Потому-то появление клавира в редакции Ламма (1931) руководитель Музгиза А. Верхотурский ставил в особую заслугу своему издательству. Приведу обширную выдержку из его вступления к юбилейному сборнику, посвященному Мусоргскому. Оно безусловно являлось программой на будущее, выполнение которой должно было лишь начаться с Мусоргского:
Государственное музыкальное издательство поставило себе целью очистить произведения великих мастеров прошлого от того редакционного наслоения, которое явилось следствием различной интерпретации исполнителей нескольких поколений.
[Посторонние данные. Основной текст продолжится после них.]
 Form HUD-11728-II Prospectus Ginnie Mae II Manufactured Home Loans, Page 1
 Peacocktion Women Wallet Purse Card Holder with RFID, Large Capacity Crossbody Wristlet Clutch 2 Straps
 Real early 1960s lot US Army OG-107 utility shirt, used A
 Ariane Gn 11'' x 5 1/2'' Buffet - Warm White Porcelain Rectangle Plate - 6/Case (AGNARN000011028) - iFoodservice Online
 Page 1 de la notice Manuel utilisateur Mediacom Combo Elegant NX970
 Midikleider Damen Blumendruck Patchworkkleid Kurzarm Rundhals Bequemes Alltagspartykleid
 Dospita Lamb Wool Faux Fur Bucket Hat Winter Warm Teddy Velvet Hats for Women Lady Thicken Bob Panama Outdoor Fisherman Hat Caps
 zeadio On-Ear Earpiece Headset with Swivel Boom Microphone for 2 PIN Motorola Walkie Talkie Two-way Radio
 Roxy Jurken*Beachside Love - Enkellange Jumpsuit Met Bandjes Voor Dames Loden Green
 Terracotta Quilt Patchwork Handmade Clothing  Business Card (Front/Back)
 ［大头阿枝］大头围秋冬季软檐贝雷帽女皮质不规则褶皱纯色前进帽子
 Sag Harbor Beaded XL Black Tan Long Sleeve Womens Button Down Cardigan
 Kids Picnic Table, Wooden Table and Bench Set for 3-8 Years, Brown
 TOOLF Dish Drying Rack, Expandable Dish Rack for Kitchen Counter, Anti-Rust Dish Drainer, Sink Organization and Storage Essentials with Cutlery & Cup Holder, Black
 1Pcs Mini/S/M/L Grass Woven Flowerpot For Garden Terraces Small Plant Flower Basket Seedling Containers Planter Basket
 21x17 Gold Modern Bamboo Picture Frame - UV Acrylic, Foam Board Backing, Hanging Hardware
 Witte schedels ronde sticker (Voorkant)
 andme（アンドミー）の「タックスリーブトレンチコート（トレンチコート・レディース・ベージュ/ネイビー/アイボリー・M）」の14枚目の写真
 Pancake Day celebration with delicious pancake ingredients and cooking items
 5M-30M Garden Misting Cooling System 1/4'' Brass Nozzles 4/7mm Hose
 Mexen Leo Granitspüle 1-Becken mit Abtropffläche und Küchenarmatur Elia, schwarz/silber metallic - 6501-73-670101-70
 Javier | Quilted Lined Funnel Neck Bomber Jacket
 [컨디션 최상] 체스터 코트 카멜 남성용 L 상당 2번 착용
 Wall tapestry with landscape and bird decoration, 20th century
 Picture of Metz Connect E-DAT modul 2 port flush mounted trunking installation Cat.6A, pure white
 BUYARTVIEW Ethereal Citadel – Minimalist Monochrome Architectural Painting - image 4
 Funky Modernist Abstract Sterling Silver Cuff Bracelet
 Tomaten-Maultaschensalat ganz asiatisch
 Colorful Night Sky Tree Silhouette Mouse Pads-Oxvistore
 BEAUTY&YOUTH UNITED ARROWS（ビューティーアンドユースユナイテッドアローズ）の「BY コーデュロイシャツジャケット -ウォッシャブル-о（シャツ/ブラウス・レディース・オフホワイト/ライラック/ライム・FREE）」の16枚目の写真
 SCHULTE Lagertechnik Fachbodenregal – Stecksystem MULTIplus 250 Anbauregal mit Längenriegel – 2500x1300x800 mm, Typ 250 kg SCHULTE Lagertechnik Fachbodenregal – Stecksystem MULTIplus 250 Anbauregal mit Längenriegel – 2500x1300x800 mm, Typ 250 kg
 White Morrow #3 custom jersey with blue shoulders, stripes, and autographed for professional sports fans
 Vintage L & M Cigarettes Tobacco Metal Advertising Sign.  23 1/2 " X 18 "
Каждая эпоха и каждый класс имеет свой художественный стиль. <…>
Почти все классики подверглись такой участи. Достаточно вспомнить многие произведения Баха, Бетховена, Мусоргского… <…>
Но вот наступают так называемые «созвучные эпохи» – эпохи, весьма сходные по своим методам и формам борьбы, по своим целям (разумеется, только сходные, но не тождественные: история точного повторения эпох не знает). И тогда восстановление подлинного, оригинального содержания, так называемого уртекста, является неизбежностью. Возьмем, например, «Бориса» Мусоргского. Над радикальным изменением и идеологическим приспособлением «Бориса», как известно, много потрудился Римский-Корсаков и с точки зрения требований своей эпохи и своего класса сделал это в высшей степени талантливо. <…> Успех редакции Римского-Корсакова был вполне понятен. В самом деле, приспособить музыку Мусоргского к требованиям, понятиям и настроениям господствующего класса – это ли не заслуга великого мастера своей эпохи: ведь музыка и текст Мусоргского служили отражением настроений, мыслей и требований чуждого им, порабощенного класса. Но также понятно и то, что мы теперь хотим слышать подлинную речь художника созвучной нам эпохи, а не тенденциозное толкование инакомыслящего человека173.